バンダイブースで気になったのが「DuelPod」。身の回りにある「色」もしくは専用の「カラータグ」を読み込ませることで「魔彩獣」を召還し、赤外線通信で友達とバトルができるぞ。USB端子に付属のリーダーを接続すれば、世界中のユーザーとオンラインで戦うことも可能だ。今後はどのようなカードでも読み込めるネット対応カードリーダーが開発されれば、ネット対戦はさらに盛り上がりそう。

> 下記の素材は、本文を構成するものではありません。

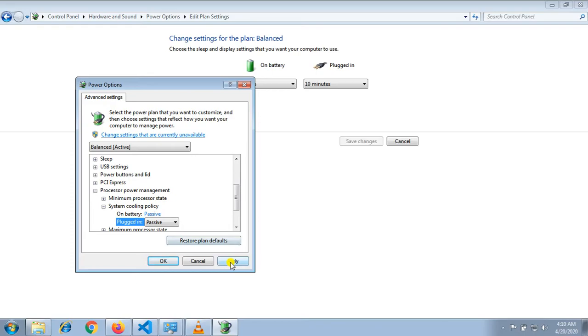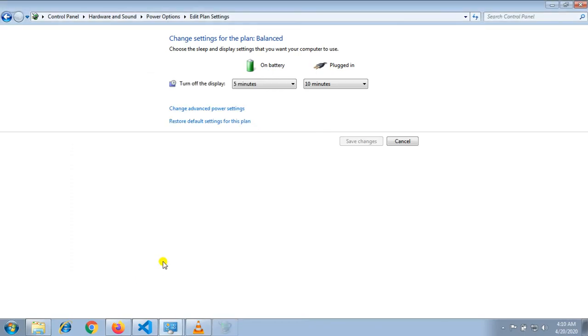Now apply the changes. Restart the system and check. The problem should be resolved.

▲なかなかクールなデザインの「DuelPod」(中央写真)。色を読み取ることで「魔彩獣」のステータスが決まる。かつてのバーコードバトラーのようなヒットとなるか!?




おもちゃ、フィギュアの詳細レポートは後日公開だ!

このレポートではテレビゲームという視点でおもちゃショーをチェックしてみたが、いかがだっただろうか。ゲームショーのような大作が集まるようなイベントで無いことは確かだが、いかに「子供の興味を引くか」を念頭に置き制作されたゲーム、さらに今までにない斬新なインタフェースのゲームに出会える今年のおもちゃショーは、常に新たな価値観が要求される“ゲーム市場”を占う意味で重要なイベントだと言えるだろう。一般日(6月30日(土曜日)、7月1日(日曜日))はステージイベントも終日開催されているので、ぜひ東京ビックサイトへ行ってみよう!